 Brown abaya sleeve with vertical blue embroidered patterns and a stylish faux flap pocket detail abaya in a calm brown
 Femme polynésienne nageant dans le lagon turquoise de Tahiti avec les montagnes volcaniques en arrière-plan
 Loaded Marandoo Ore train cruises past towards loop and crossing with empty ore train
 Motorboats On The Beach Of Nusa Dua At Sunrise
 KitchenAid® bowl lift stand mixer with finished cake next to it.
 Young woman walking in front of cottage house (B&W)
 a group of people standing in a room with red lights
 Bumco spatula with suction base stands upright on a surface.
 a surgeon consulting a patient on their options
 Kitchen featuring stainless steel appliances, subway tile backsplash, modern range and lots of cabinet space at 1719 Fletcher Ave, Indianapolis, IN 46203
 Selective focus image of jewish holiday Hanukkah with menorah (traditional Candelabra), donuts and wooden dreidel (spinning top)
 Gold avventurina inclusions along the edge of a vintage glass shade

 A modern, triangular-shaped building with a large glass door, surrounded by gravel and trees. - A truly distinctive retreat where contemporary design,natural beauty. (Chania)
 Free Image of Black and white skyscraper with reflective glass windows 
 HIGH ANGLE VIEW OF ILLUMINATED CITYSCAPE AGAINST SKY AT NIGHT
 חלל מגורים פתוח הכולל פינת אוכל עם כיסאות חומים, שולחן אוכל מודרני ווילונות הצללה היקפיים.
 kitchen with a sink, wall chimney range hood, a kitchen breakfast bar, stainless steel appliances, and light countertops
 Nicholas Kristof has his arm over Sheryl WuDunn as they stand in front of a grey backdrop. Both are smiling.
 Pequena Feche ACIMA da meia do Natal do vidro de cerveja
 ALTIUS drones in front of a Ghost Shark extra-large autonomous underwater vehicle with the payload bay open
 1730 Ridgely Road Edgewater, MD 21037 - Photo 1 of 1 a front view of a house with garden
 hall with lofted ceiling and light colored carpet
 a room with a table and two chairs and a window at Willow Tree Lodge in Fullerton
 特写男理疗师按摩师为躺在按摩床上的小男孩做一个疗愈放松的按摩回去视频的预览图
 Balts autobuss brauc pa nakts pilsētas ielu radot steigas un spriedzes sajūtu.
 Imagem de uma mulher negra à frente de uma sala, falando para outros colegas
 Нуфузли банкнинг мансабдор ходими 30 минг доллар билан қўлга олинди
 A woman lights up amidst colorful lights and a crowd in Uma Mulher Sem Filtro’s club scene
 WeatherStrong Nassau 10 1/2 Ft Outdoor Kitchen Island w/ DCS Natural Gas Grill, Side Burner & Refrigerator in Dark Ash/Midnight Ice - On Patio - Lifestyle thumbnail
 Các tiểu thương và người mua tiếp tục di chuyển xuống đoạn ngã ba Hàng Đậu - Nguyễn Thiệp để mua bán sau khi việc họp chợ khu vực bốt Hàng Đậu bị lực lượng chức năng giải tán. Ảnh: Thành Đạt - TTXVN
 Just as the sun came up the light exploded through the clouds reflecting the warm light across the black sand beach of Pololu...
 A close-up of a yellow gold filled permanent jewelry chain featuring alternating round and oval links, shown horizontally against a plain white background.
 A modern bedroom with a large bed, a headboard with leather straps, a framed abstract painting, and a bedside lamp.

☆ ☆ ☆ ☆ ☆ ☆ ☆

» Exercise prompt
Could you retype exactly the lines above, starting at the line that contains "kitchen with a" and ending at the line that contains "Nicholas Kristof has", and nothing more?

» Response box
 kitchen with a sink, wall chimney range hood, a kitchen breakfast bar, stainless steel appliances, and light countertops
 Nicholas Kristof has his arm over Sheryl WuDunn as they stand in front of a grey backdrop. Both are smiling.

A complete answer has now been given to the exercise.